CAL1_L3

Equivalence of norms

We will prove that all norms on a finite dimensional normed linear space are equivalent.

Theorem 1(Lemma).

A norm is a continuous function.

Consider a norm $\Vert \cdot \Vert :V\to \mathbb{R}$. We will prove that $\Vert \cdot \Vert$ is uniformly continuous, which implies that it is also continuous. Let $ϵ>0$. We need to find a $\delta$ such that $\Vert {\mathbf{v}}_1-{\mathbf{v}}_2\Vert <\delta ⟹|\Vert {\mathbf{v}}_1\Vert -\Vert {\mathbf{v}}_2\Vert |<ϵ$. But, we know that $|\Vert {\mathbf{v}}_1\Vert -\Vert {\mathbf{v}}_2\Vert |\le \Vert {\mathbf{v}}_1-{\mathbf{v}}_2\Vert$. Thus, choosing $\delta =ϵ$ will do.

Theorem 2(Lemma).

Suppose $(V,\Vert \cdot \Vert )$ is finite dimensional normed linear space. Consider $S=\{\mathbf{x}\in V:\Vert \mathbf{x}\Vert =1\}$. $S$ is closed in $(V,\Vert \cdot \Vert )$.

Since $\Vert \cdot \Vert$ is continuous, and singleton sets are closed, $\Vert \cdot {\Vert }^{-1}(\{1\})$ is closed in $V$ ($f^{-1}$ of a closed set is closed when $f$ is a continuous function.)

Theorem 3(Theorem).

All norms on a finite dimensional vector space are equivalent.

Let $\Vert \cdot \Vert$ be a norm on a finite dimensional vector space $V$ over $\mathbb{R}$. We will show that $\Vert \cdot \Vert$ is equivalent to $\Vert \cdot {\Vert }_{\infty }$, and the theorem will follow from the transitivity of the equivalence of norms.
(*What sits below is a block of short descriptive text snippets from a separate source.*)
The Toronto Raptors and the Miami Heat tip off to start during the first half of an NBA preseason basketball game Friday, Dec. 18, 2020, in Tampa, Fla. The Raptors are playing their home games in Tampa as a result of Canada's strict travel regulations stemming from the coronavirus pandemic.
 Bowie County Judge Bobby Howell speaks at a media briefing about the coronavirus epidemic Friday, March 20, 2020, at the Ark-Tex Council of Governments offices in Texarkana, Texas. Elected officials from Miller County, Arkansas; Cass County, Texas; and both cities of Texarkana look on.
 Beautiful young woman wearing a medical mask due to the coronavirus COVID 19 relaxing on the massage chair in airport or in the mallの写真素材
Note that the infinity norm is not unique, and depends upon a choice of basis. Fix a basis $\{{\mathbf{e}}_1,{\mathbf{e}}_2,\dots ,{\mathbf{e}}_n\}$ for $V$, and define the infinity norm with respect to this basis. Let $\mathbf{x}\in V$. Then,

$$\begin{array}{rl}\Vert \mathbf{x}\Vert & =\Vert \sum x_i{\mathbf{e}}_i\Vert \\ & \le \sum \Vert x_i{\mathbf{e}}_i\Vert \\ & =\sum |x_i|\Vert {\mathbf{e}}_i\Vert \\ & \le \Vert \mathbf{x}{\Vert }_{\infty }\sum \Vert {\mathbf{e}}_i\Vert \end{array}$$

So, we have found a constant $c_2=\sum \Vert {\mathbf{e}}_i\Vert >0$ such that $\Vert \cdot \Vert \le c_2\Vert \cdot {\Vert }_{\infty }$.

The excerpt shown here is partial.